Pourquoi l'avoir nommé alors ? «C'est seulement lorsque le magistrat est en fonction que l'on peut le juger sur son travail. Même un examen d'entrée ne saurait donner des informations sur la capacité ou même son honnêteté.» On nous parle d'ailleurs de deux magistrats qui viennent d'être remerciés. «Je trouve que la cheffe juge et la Judicial and Legal and Service Commission ont bien fait. Il était temps de faire un peu de ménage», nous dit cet avocat, qui fréquente beaucoup les cours de district.

Seule la Judicial and Legal Service Commission dispose du pouvoir de proposition, de promotion et de nomination. «La liste des postes vacants à la magistrature est le secret le mieux gardé dans le judiciaire. On ne saura jamais comment les décisions sont prises et pourquoi une telle personne a été mutée à un autre tribunal ou au bureau du DPP.

Il faudrait un exercice plus transparent dans les transferts et les nominations», estime un Senior Counsel. La nomination des nouveaux magistrats devrait se faire par un exercice d'appel à candidatures et de sélection plus transparente. «De nombreux jeunes souhaitent intégrer le bureau du DPP ou même la magistrature. Pourquoi ne pas leur donner leur chance ?»

D'autre part, on se demande pourquoi un magistrat, qui fait bien son travail dans sa juridiction, est muté ? «Muter un magistrat chaque année risque de contribuer à retarder davantage les affaires dans les cours de districts car le nouveau venu devra à chaque fois tout recommencer à zéro.» Notre interlocuteur maintient qu'il faut une véritable réforme dans le système de recrutement et de nomination dans le judiciaire. On justifie souvent cet exercice par un transfert de compétences «mais ne serait-il pas plus avantageux pour l'appareil judiciaire qu'un magistrat compétent reste là où il est pour continuer à rendre la justice plus efficace ?»

Un avoué parle de l'importance pour un magistrat de pouvoir prendre des décisions en dehors de toute contrainte, de toute influence des pouvoirs publics nationaux. «Il doit être protégé, entre autres, de toute tentative d'intimidation, de dissuasion, voire de vengeance à son égard. Mais comment exiger la garantie effective de l'indépendance de la justice censée contrôler et éventuellement censurer les actes de l'exécutif ?»

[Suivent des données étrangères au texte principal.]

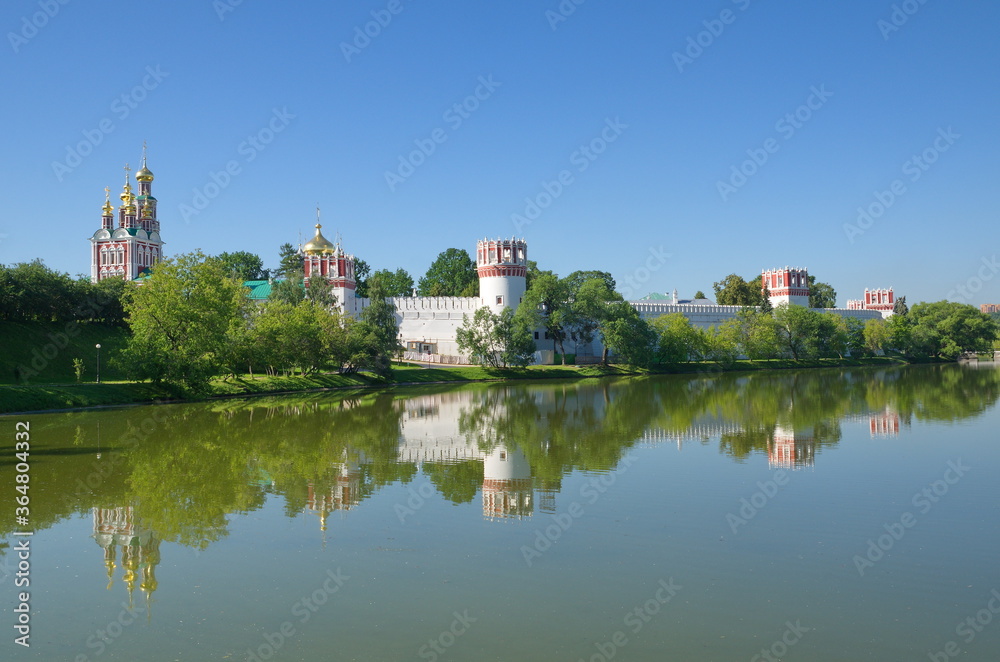 Summer view of the Novodevichy monastery and the Big Novodevichy pond. Moscow, Russia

Et si la hiérarchie ne voit pas certains magistrats se montrer trop à cheval sur le droit à la liberté des accusés et sur la présomption d'innocence ? Un Senior Counsel répond : «Si le magistrat s'est trompé, il pourrait voir sa décision être cassée par une cour d'appel. Ça, c'est le cauchemar de tout magistrat.» Et ceux qui n'ont pas les moyens de faire appel ? «Il existe toujours ce risque. C'est pourquoi un magistrat doit faire de son mieux pour rendre justice. Il doit appliquer la loi et la jurisprudence sinon il risque de se voir désavouer par une cour supérieure.»

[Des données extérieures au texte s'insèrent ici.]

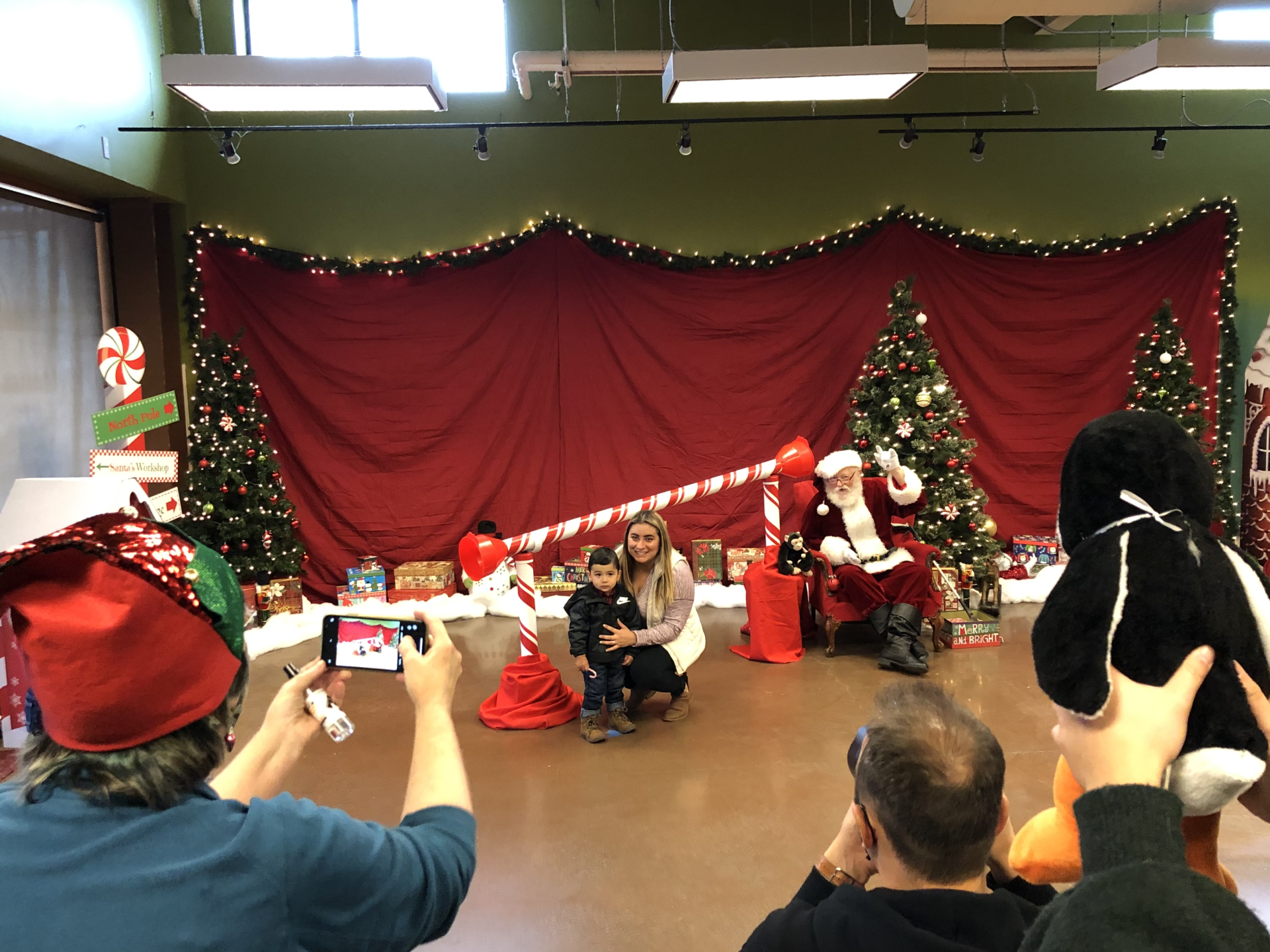 A man is taking a picture of santa claus and his family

Me Antoine Domingue, Senior Counsel: «Cela ne se fait pas n'importe quand ni n'importe comment»

Que pensez-vous de l'actuel exercice de mutation des magistrats et des juristes du DPP et du Parquet ?

C'est un exercice de routine. Il faut une rotation périodique et chacun doit avoir la chance de pratiquer au barreau pendant cinq ans pour pouvoir aspirer à être juge.

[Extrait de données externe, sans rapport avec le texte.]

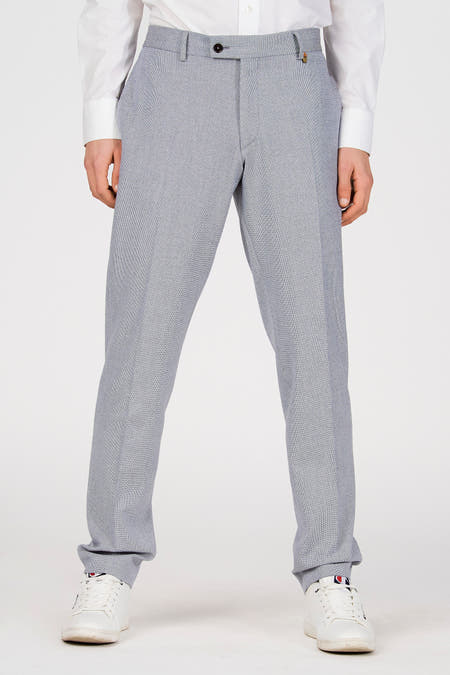 Blauwe kostuumbroek van Le Fabuleux Marcel de Bruxelles, met een subtiel patroon en een enkele knoopsluiting, gedragen met een wit overhemd en witte sneakers.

Ces mutations obéissent-elles à des règles précises ?

Oui, et cela dépend aussi des «exigencies of the service» et des exercices de promotion.

Qui décide au final du transfert d'un magistrat, mettons, vers le bureau de l'Attorney General ou du DPP ?

La Judicial and Legal Service Commission, en consultation avec le Responsible Officer du département concerné, c'est-à-dire, le DPP ou le Solicitor General.

Si des transferts sont effectués n'importe quand, les magistrats n'auront-ils pas l'impression d'avoir une épée de Damoclès sur la tête ?

Cela ne se fait pas n'importe quand, ni n'importe comment. Il n'y a donc pas lieu de s'en inquiéter puisque cela se fait de façon rationnelle.

A quoi peut-on juger la performance d'un magistrat ?

Il y a plusieurs critères objectifs, aussi bien quantitatifs que qualitatifs, qui sont définis par des textes de loi, et sont appliqués au pied de la lettre par rapport au tableau d'avancement des membres du judiciaire et du Parquet.

La mutation de la magistrate Vidya Mungroo-Jugurnath serait-elle due à sa prise de position contre la police ?

Perish the thought! C'est une idée saugrenue ! Jusqu'ici, je n'ai détecté aucune prise de position et aucun a priori de sa part dans l'exercice de ses fonctions.